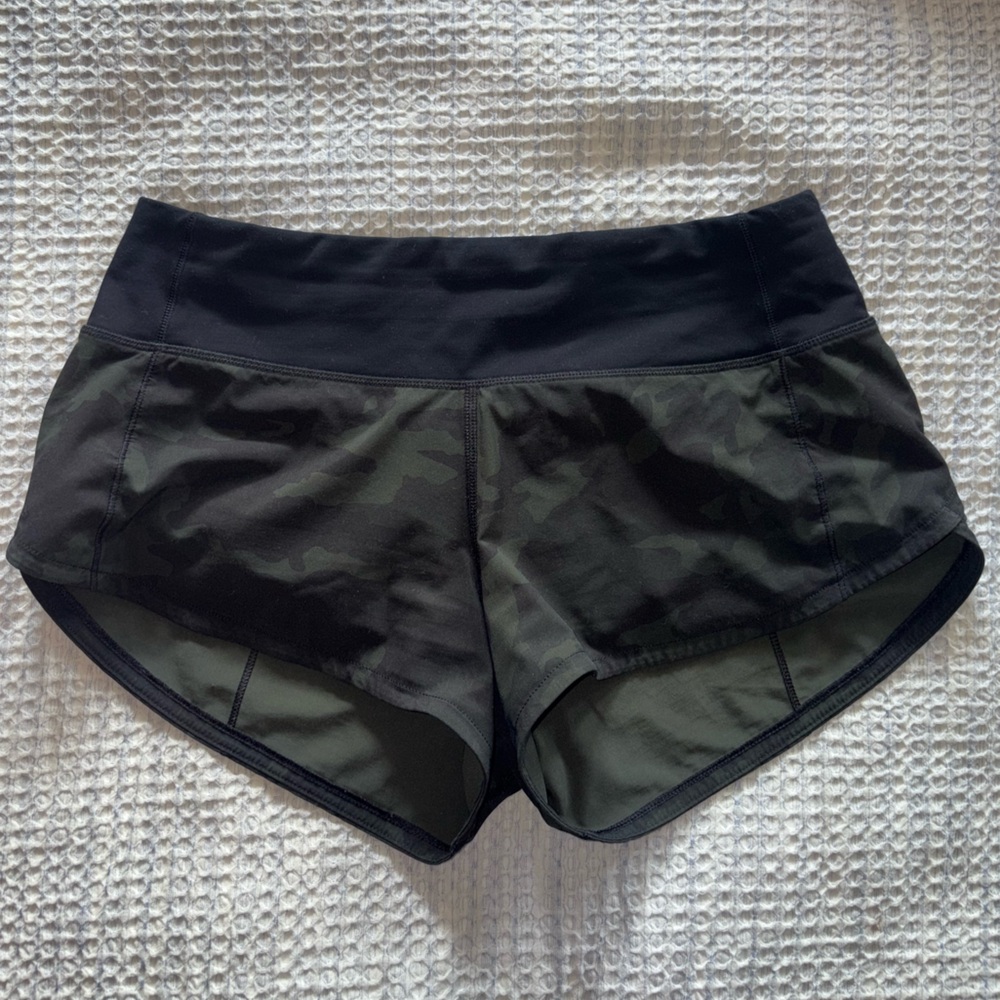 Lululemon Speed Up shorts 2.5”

++++

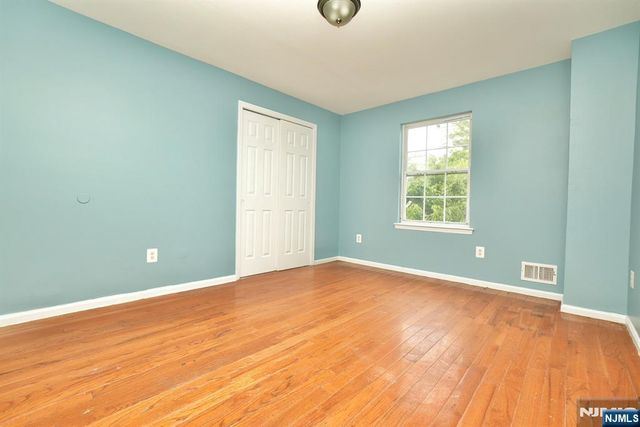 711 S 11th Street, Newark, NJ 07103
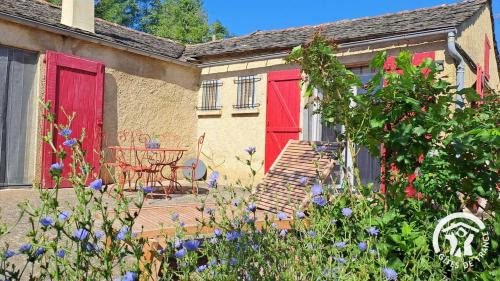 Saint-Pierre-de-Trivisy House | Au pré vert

++++

_TO DO_. Starting with the line that contains "711 S 11th Street, Newark, NJ 07103" and finishing with the line that contains "Saint-Pierre-de-Trivisy House | Au pré vert", reproduce every line of the material above exactly, but not the pictures.

_RESULT FOR THIS EXERCISE_.
 711 S 11th Street, Newark, NJ 07103
 Saint-Pierre-de-Trivisy House | Au pré vert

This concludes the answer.